Le président est optimiste pour la suite des choses. « On débute la saison. L’eau est belle. Nous avons de nouvelles entailles qui ont été installées l’été et l’automne dernier dans la région à la suite de l’octroi de nouveaux contingents ».
Croissance record des ventes
Justin Plourde mentionne que les ventes de sirop d’érable du Québec connaissent une croissance record.
« Les ventes ont augmenté de 17 % l’an dernier. C’est phénoménal. Tout le sirop qui était dans la réserve stratégique a trouvé preneur. On essaie de maintenir la croissance du nombre d’entailles au même niveau que la croissance des ventes ».
Si les États-Unis demeurent le principal marché pour le sirop d’érable québécois, son pourcentage diminue puisqu’il y a une forte croissance des ventes en Allemagne, au Royaume-Uni et en Australie.

« Il y a quelques années, nous avons mis beaucoup d’effort de promotion sur le Japon. On pensait que c’était prometteur, mais ce ne l’est pas autant qu’on l’espérait, du moins pour l’instant. On essaie de diversifier nos marchés pour être moins dépendant d’un marché dominant, même si nous n’avons jamais été soumis aux droits de douane américains puisque le sirop d’érable est inclus dans l’ACEUM (Accord Canada-États-Unis-Mexique), qui sera cependant bientôt revu », explique monsieur Plourde.

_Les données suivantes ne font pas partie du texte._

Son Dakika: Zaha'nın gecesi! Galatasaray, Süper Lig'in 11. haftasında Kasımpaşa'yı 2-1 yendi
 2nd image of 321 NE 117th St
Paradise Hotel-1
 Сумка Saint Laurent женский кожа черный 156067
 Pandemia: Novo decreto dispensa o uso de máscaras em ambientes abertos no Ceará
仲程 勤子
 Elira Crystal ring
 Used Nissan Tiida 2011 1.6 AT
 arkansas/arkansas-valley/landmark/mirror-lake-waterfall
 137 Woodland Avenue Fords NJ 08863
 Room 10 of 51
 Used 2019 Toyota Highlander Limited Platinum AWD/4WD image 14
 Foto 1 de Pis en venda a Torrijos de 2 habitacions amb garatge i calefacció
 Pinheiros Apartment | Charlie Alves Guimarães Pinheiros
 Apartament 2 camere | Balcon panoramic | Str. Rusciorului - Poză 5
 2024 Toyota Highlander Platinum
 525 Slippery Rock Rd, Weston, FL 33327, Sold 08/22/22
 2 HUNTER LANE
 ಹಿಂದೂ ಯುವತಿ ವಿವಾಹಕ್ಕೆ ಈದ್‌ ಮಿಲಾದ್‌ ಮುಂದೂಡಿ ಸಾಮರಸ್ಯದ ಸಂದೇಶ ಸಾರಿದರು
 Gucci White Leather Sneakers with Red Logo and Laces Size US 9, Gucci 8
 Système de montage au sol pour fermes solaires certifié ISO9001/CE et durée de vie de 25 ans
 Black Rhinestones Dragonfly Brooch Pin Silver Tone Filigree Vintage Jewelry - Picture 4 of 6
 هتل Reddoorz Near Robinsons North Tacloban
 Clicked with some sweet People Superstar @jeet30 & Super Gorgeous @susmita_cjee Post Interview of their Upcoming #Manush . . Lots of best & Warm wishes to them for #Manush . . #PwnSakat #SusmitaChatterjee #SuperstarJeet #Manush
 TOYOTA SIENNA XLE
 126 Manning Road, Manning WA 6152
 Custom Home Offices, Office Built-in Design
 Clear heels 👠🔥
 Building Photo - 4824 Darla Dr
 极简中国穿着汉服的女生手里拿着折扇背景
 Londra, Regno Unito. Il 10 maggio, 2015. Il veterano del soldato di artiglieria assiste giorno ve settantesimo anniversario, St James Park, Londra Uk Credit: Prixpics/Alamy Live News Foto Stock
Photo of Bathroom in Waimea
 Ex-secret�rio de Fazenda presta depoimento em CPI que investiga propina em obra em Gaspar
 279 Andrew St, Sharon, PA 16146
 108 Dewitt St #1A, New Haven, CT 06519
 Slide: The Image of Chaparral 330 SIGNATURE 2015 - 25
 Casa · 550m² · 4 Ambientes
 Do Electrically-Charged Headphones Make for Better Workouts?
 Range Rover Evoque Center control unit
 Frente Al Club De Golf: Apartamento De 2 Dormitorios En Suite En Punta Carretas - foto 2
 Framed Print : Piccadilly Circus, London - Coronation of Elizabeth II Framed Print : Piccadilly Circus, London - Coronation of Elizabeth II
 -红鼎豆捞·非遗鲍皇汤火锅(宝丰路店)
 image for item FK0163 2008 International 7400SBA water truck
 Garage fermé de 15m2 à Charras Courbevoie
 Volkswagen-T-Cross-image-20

Hausse des produits pétroliers
La hausse des produits pétroliers aura un impact sur les producteurs acéricoles, particulièrement ceux qui ont des évaporateurs à l’huile.
« La majorité des entreprises utilisent encore des évaporateurs à l’huile. La technologie s’est améliorée énormément dans les dernières années. Les équipementiers ont jumelé de super concentrateurs (osmose) avec des évaporateurs très performants, ce qui permet de réduire de beaucoup la consommation d’huile, mais c’est sûr que la hausse des prix va quand même faire mal. Ça va couper beaucoup plus cher cette année à ces producteurs pour produire leur sirop d’érable », souligne Justin Plourde.

Une transition vers l’électricité, la granule ou le bois est amorcée dans la région, mais l’huile aura toujours sa place parce que les autres technologies ne sont pas applicables partout.